Its also worth noting that sometimes the look that a groundrow can achieve is more desirable for the production than lighting from the air. Sometimes (a lot of the time) you might want both, so you can do cool effects to make the sky look more realistic. I find it really depends on my space considerations (where do I have circuits, where is it realistic to put lights, how many can I afford, etc) and what the cyc wants to look like for any given production. I tend to find that the issues associated with a groundrow in terms of space are best addressed by throwing a black scrim DS of the whole operation and having that in from the initial discussion. It makes the cyc go away pretty well, and just takes that space off the table ASAP, and avoids a lot of trip hazard and visibility bits. Either way, its a discussion that needs to be had.


----------



## lwinters630 (Jan 6, 2013)

I am using Vivid R from ETC and I am very pleased with them. They will blend any color, are very even, run quiet and cool (LED RGBA), use less power (I.E. one 20amp crt) no changing gels, and are very bright. Often I only have to run at 60 to 80 pct.
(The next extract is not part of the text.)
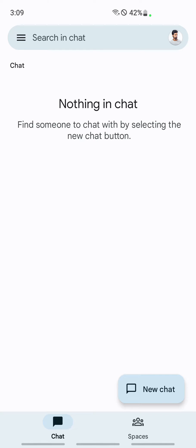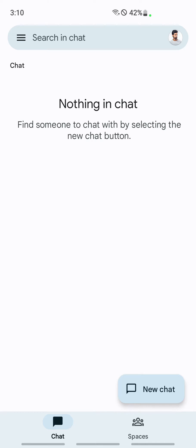Once you have logged into your Google Chat application, what you're going to do is on your top left, click on the three bars, the hamburger icon.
Yes they are pricey but you asked the best way. IMHO


----------



## gafftaper (Jan 6, 2013)

lwinters630 said:


> I am using Vivid R from ETC and I am very pleased with them.... Yes they are pricey but you asked the best way. IMHO



How large is your cyc and how many Vivids does it take to light it?


----------



## sk8rsdad (Jan 6, 2013)

My cyc is 42'x24' and lit with 16 Desire D40 Vivids. It is possible to achieve a mid cyc horizon line depending on lens choice. Note that there is also the classic Vivid striplight that is available single or multiple cell configuration.


----------



## Lou9x9 (Jan 6, 2013)

but ground rows usually only end up close to the cyc then though. pushed back by blocking constraints from the actors so how do you avoid getting saw toothing while still being space efficient? and also i havn't met a director yet who'd allow having lights on their stage.


----------



## techieman33 (Jan 6, 2013)

Lou9x9 said:


> In my school we have a color wash on some gelled foot lights about 5 feet away from the cyc. we get some saw toothing but it's no big deal. no one notices. we angle it downward and if you're standing all the back to the cyc you'll barelly get top light from it. it gives nice background work for any production. but can get old fast if you don't know what you're doing (obviously).




Lou9x9 said:


> but ground rows usually only end up close to the cyc then though. pushed back by blocking constraints from the actors so how do you avoid getting saw toothing while still being space efficient? and also i havn't met a director yet who'd allow having lights on their stage.



Using cyc silk, either by buying your gel with the silk embedded in the sheet of color (only a few color options available) or by adding n/c silk on top of your color will help to eliminate the "saw toothing", aka scalloping.
.


----------



## shiben (Jan 6, 2013)

Lou9x9 said:


> but ground rows usually only end up close to the cyc then though. pushed back by blocking constraints from the actors so how do you avoid getting saw toothing while still being space efficient? .



You use frost like techieman33 said, and you use them on strip lights pushed as close together as you can, and sometimes you use multiple rows of strip lights.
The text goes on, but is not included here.